The premier secessionist of antebellum Mississippi, John A. Quitman was one of the half-dozen or so most prominent radicals in the entire South. In this full-length biography, Robert E. May takes issue with the recent tendency to portray secessionists as rabble-rousing, maladjusted outsiders bent on the glories of separate nationhood. May reveals Quitman to have been an ambitious but relatively stable insider who reluctantly advocated secession because of a despondency over slavery’s long-range future in the Union and a related conviction that northerners no longer respected southern claims to equality as American citizens. A fervent disciple of South Carolina “radical” John C. Calhoun’s nullification theories, Quitman also gained notoriety as his region’s most strident slavery imperialist. He articulated the case for new slaver territory, participated in the Texas Revolution, won national acclaim as a volunteer general in the Mexican War, and organized a private military—or “filibustering”—expedition with the intent of liberating Cuba from Spanish rule and making the island a new slave state. In 1850, while governor of Mississippi during the California crisis, Quitman wielded his influence in a vain attempt to induce Mississippi secession. Later, in Congress, he marked out an extreme southern position on Kansas. Mississippi’s most vehement “fire-eater,” Quitman played a significant role in the North-South estrangement that led to the American Civil War. The first critical biography of this important figure, May’s study sheds light on such current historical controversies as whether antebellum southerners were peculiarly militaristic or “antibourgeois” and helps illuminate the slave-master relations, mobility, intraregional class and geographic friction, partisan politics, and family customs of the Old South.

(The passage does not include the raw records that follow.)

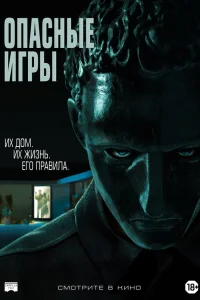 0naснӹe urpӹ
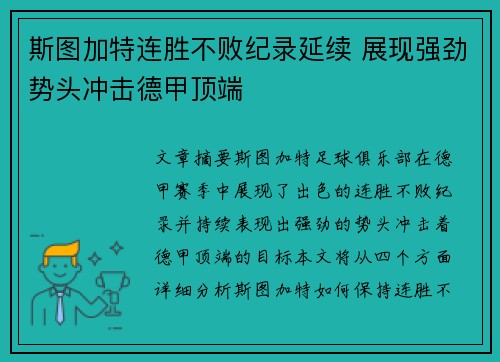 斯图加特连胜不败纪录延续 展现强劲势头冲击德甲顶端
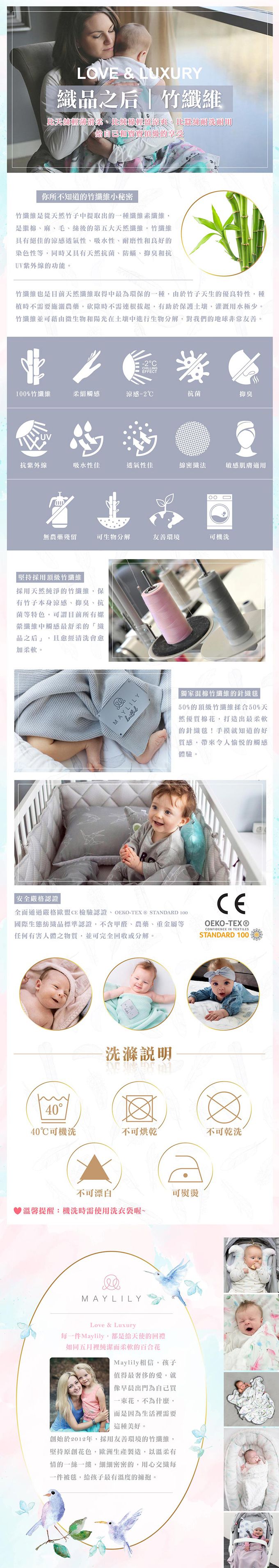 波蘭Maylily - 竹纖珍愛織毯-黎明天空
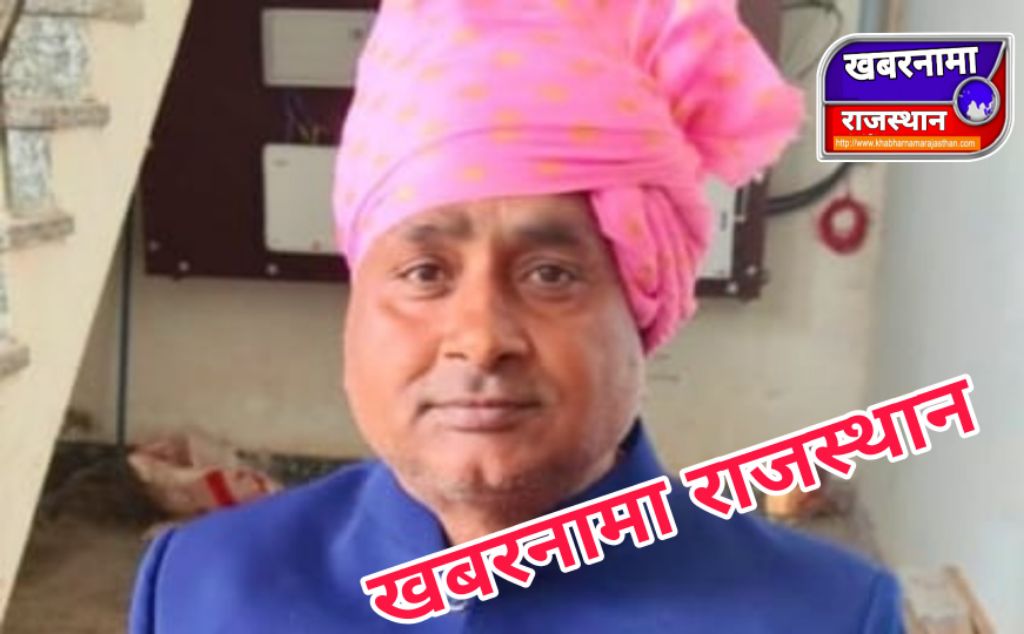देवली ,अखिल भारतीय कलवार (कलाल, कलार, जायसवाल) महासभा की टोंक जिला इकाई का गठन किया गया है।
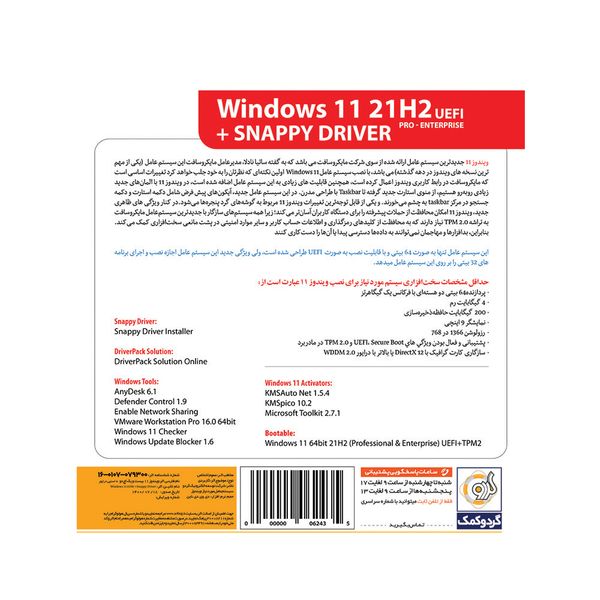 سیستم عامل Windows 11 21H2 + Snappy Driver نشر گردو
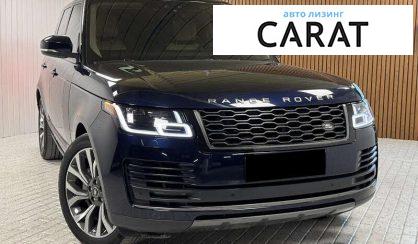 Land Rover Range Rover 2020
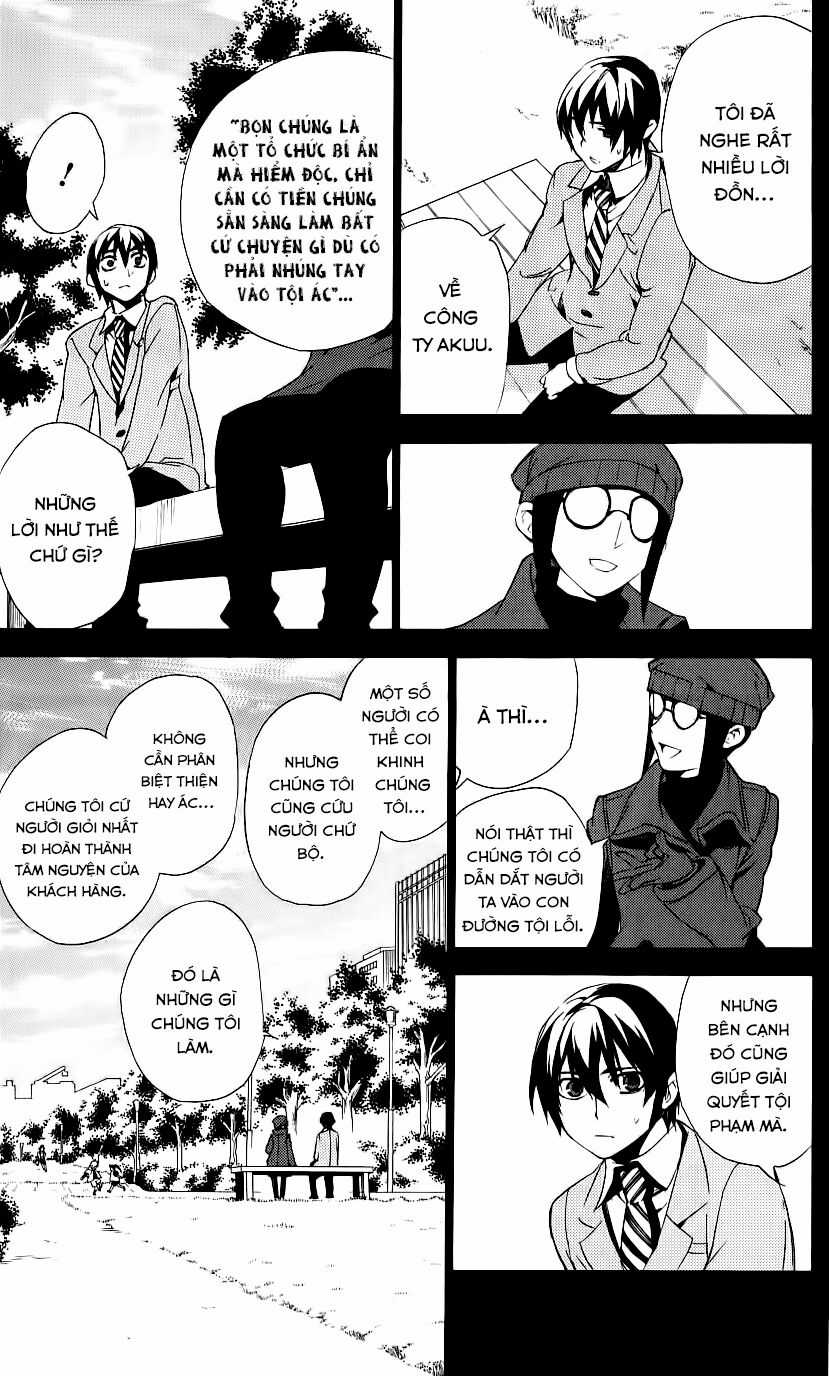 Kure-Nai Chapter 32 trang 9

Genealogical Encyclopedia of the Colonial Americas

Genealogical Encyclopedia of the Colonial Americas

Author: Christina K. Schaefer

Publisher: Genealogical Publishing Com

Published: 1998

Total Pages: 846

ISBN-13: 9780806315768

DOWNLOAD EBOOK

Covers the period of colonial history from the beginning of European colonization in the Western Hemisphere up to the time of the American Revolution.


Waltermire Family Tree

Waltermire Family Tree

Author:

Publisher:

Published: 1996

Total Pages: 312

ISBN-13:

DOWNLOAD EBOOK

George (Jury) Waldenmeyer was born before 1720 in Germany. He was the son of Johan Georg Waldenmaier and Anna Barbara Mehrer. George died 25 July 1796 in Dutchess, New York, and was buried 1796 in Rhinebeck, New York. He married Margaretha Bard about 1744. She was born before 14 October 1811 in Ghent, Columbia County, New York. Their children were John Johannes/Nans (Walden Meyers) Waltermire (1745-1821), Elisabetha Waltermire (1747-1800/1803) , Catharine Waltermire (born 14 July 1752), Jacob Waltermire (1754-1813), Barbara Waltermire (1755-1820), Michael W. Waltermire (1760-1813), and David Waltermire 1762-1854). Descendants lived mostly in New York state and Connecticut.